WHAT NEEDS TO BE DONE: No line before the one holding "Stickerei - №3" is to be copied; that line and all after it, through the end of the listing, are returned exactly, minus pictures.

▽

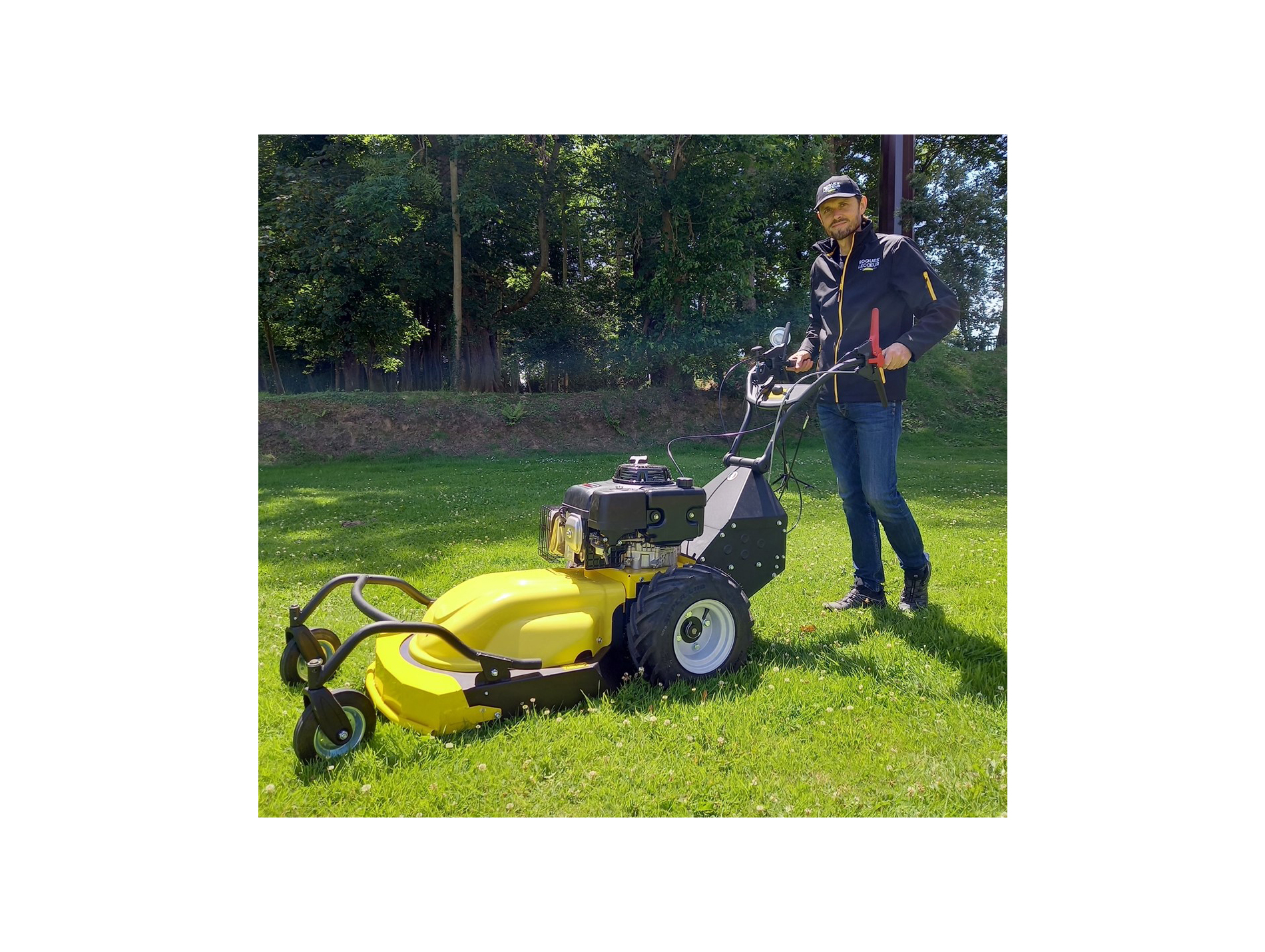 Tondeuse débrouss.thermique R&L Recato Gator l.60cm 390cm³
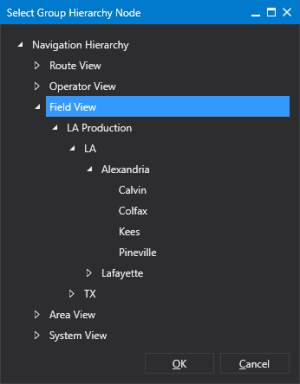 Select a group node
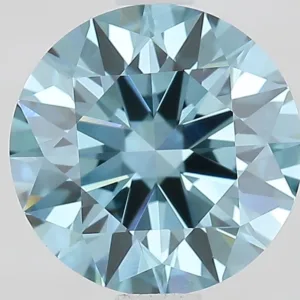 1.55 Carat Round Fancy Vivid Blue VVS2 Lab Diamond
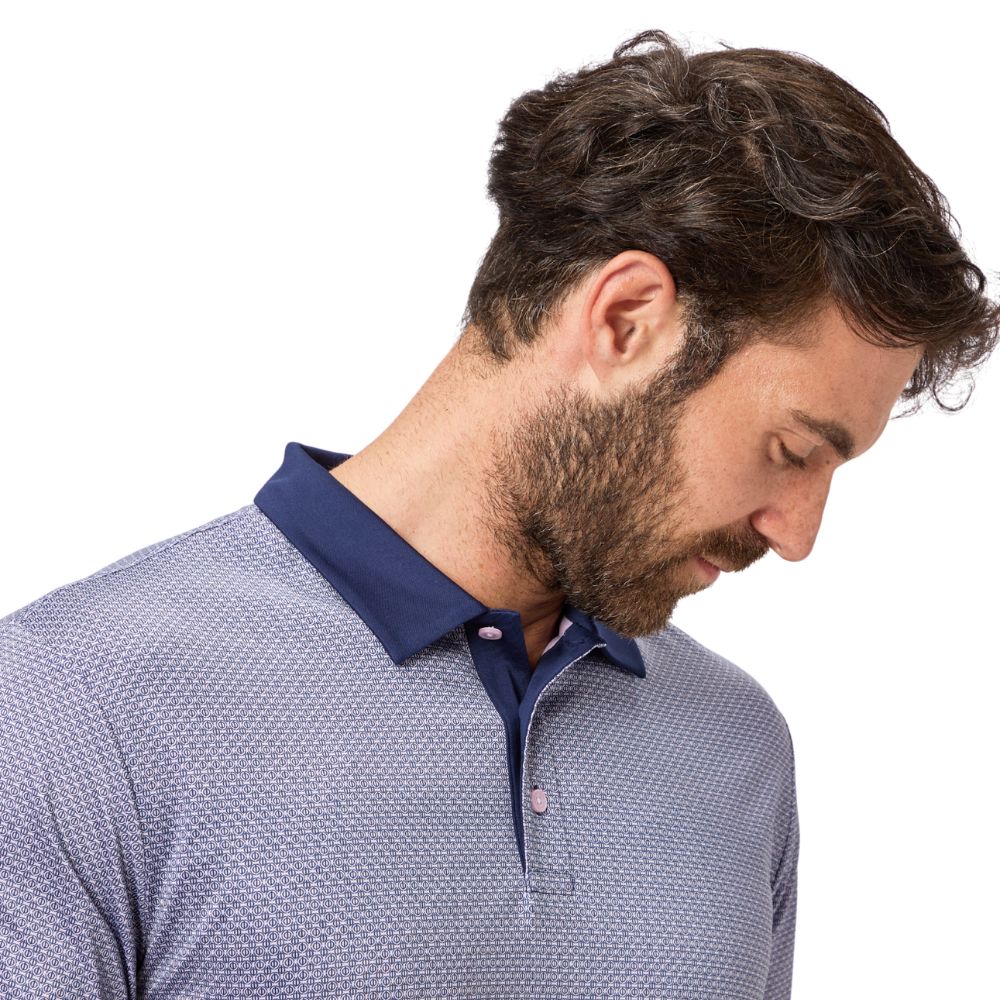 Oscar Jacobson Regent Men's Golf Polo Shirt 2026 - Navy
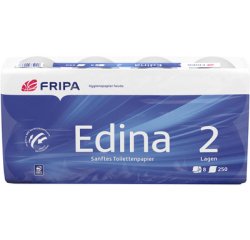 Fripa Papier toilette Edina, 4 couches, extra blanc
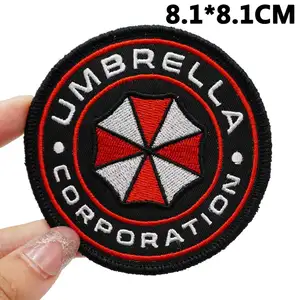 Dachpatches mit Hakenrücken, Stickerei, Applique, Nählabel, Punk, Motorradfahrer, Band, Rock, Kleidung, Embleme 8 Hauptverkauf Motard Stickerei - №3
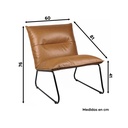 Poltrona Eco Cuero Beatrice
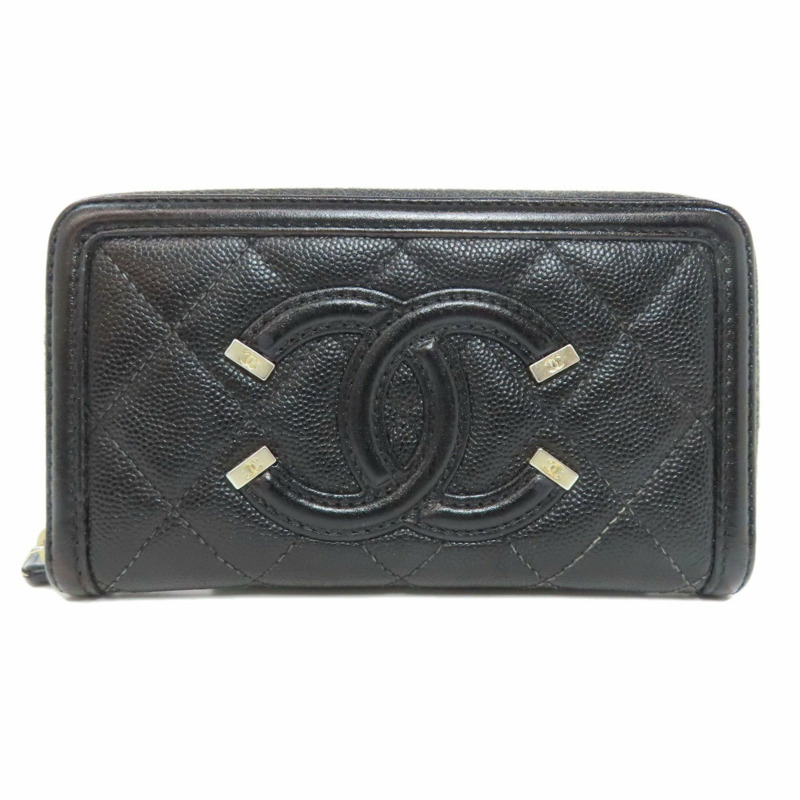CHANEL Matelasse 長版錢包 粒面小牛皮 女款-10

△

ANSWER SECTION:
 Dachpatches mit Hakenrücken, Stickerei, Applique, Nählabel, Punk, Motorradfahrer, Band, Rock, Kleidung, Embleme 8 Hauptverkauf Motard Stickerei - №3
 Poltrona Eco Cuero Beatrice
CHANEL Matelasse 長版錢包 粒面小牛皮 女款-10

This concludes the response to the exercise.